Winning v. Development


A quick aside. I admit the photo above hasn’t a damn thing to do with this post, but I typed “winning v. development” into the google images engine and up popped Halle Berry, call it karma, but I am not passing on the opportunity to include her in the blog.

There is an apparent debate over the role of winning in the development of young players. The anti-winning proponents posit that winning at all costs comes at the expense of development. They offer over-reliance on prematurely developed ogre-athletes, the outright use of ineligible, overage athletes, questionable recruiting and vaguely-defined dubious tactics of examples of a cancer that eats away at proper development. Make no mistake this argument is seldom made without an enormous dose of self-righteous indignation and self-professed claims of doing things the right way.

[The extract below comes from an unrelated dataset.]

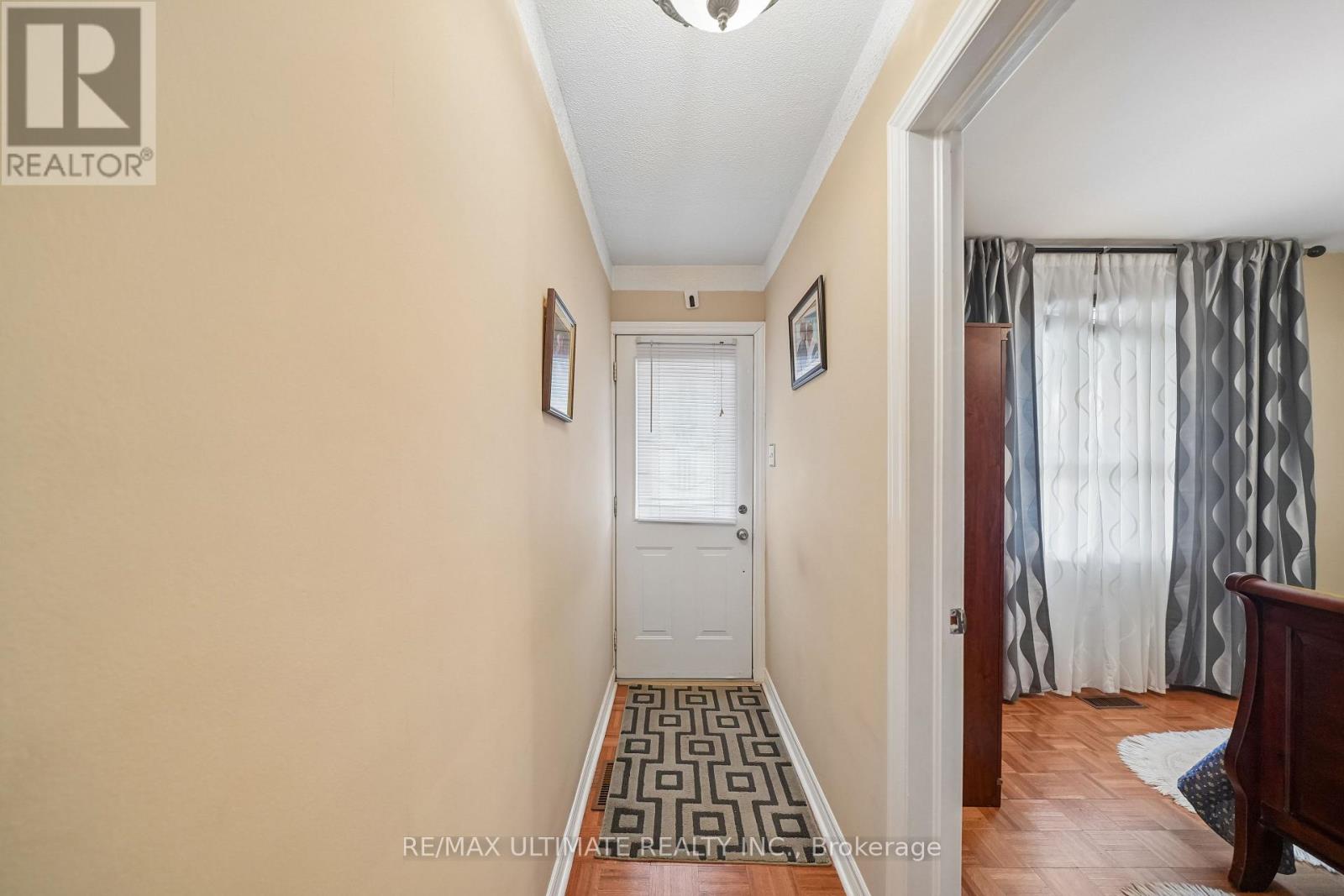 53 Gilbert Avenue, Toronto, Ontario  M6E 4W2 - Photo 5 - W13005718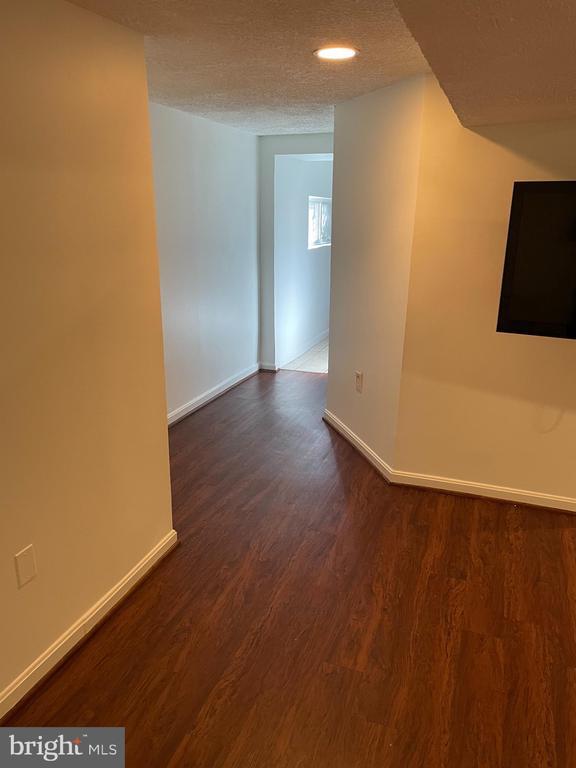 Building Photo - 608 Kenyon St NW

I staunchly oppose the use of ineligible players as much as I do self-righteous indignation. I do not buy the argument. Winning is a part of the developmental process. Players and teams work on technical skill, conditioning and tactics to perform better in games. Winning is a measuring stick of that development. With flukish exceptions aside, you will win when you play better than the other team. When you win, you will leave the field with greater confidence in yourself, and greater passion to train and improve. The game provides situations that force development, managing a lead, responding to falling behind, coping with superior physical aggression or an aforementioned, prematurely developed ogre-athlete. These game lessons train athletes not just for their development as players, but for the larger inequities and challenges of life.

Losing is the ass end of winning, and is not without value. In defeat, there is a clarity to individual and team shortcomings that can in context sharpen the focus of development. In proper circumstances, teams lose because they fail to execute what they are trained to do, or lose their poise in the face of adversity. These failings should be addressed honestly, and subsequent training should be directed to tangible improvement in these areas.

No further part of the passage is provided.